The emerging Federated Edge Learning (FEL) technique has drawn considerable
attention, which not only ensures good machine learning performance but also
solves "data island" problems caused by data privacy concerns. However,
large-scale FEL still faces following crucial challenges: (i) there lacks a
secure and communication-efficient model training scheme for FEL; (2) there is
no scalable and flexible FEL framework for updating local models and global
model sharing (trading) management. To bridge the gaps, we first propose a
blockchain-empowered secure FEL system with a hierarchical blockchain framework
consisting of a main chain and subchains. This framework can achieve scalable
and flexible decentralized FEL by individually manage local model updates or
model sharing records for performance isolation.

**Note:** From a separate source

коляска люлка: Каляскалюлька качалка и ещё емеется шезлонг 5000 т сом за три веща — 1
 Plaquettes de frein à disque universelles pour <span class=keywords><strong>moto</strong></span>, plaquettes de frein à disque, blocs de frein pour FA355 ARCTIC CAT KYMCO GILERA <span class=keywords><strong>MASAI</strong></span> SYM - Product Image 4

A Proof-of-Verifying consensus
scheme is then designed to remove low-quality model updates and manage
qualified model updates in a decentralized and secure manner, thereby achieving
secure FEL. To improve communication efficiency of the blockchain-empowered
FEL, a gradient compression scheme is designed to generate sparse but important
gradients to reduce communication overhead without compromising accuracy, and
also further strengthen privacy preservation of training data. The security
analysis and numerical results indicate that the proposed schemes can achieve
secure, scalable, and communication-efficient decentralized FEL.